The $1.4 billion cost blowout reported by the NBN Co last week has focused attention once again on the seemingly regular occurrence of large government infrastructure projects being delivered late and over budget.
Whether we look at the much-touted Public Private Partnerships (PPP) frameworks championed by state and federal governments of all persuasions, or in the NBN Co case, a government monopoly engaging with the private sector, the cost to the taxpayer invariably appears to be greater than first estimated.
Why might that be? Is it that we are systematically poor (in one direction) at estimating future costs? Or do political realities and parameters change? That there is a lot of risk and uncertainty in the world around us is certainly true, but why must it always be the case that the taxpayer is left with the “bill”?
Surely there must be something wrong with our government’s existing tendering and contracting processes that leads to this repeated occurrence. And there is. An alarmingly lack of both good governance and contract design, principles that we expect of the corporate sector, are only cursorily considered in the public sector.

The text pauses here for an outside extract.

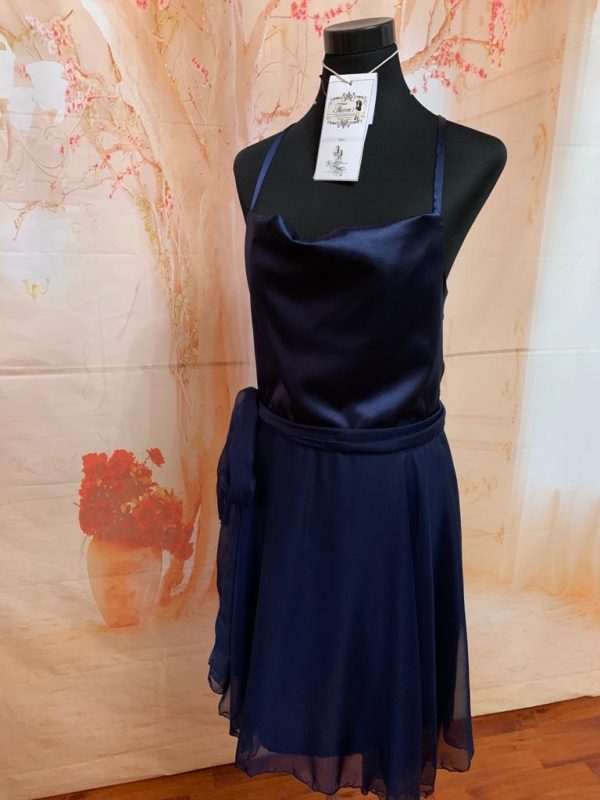 Valentine and Summer Wear Dresses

Let’s deconstruct the problem a bit further. The most efficacious delivery of large infrastructure (and other government projects) will almost always involve some private sector engagement. The challenge is to garner that engagement on terms that create societal value.
The tendering guidelines that most public sector entities adopt recognise the value in harnessing competition. Recourse to elementary microeconomics suggests that competition among potential bidders “for the market” (that is, to win the right to have some monopoly power) will result in the same efficiency outcomes as competition “in the market”.
The problem, in almost all real world contexts, however, is what economists refer to as an “asymmetry of information”. If one side of the market – in this case the bidders (or worse yet, only some bidders, so we don’t even get the real positive effects of competition) – have information about the likely outcomes (costs/benefits etc) and the other side (the government) doesn’t, then we would expect the informed party to appropriate more of the rents.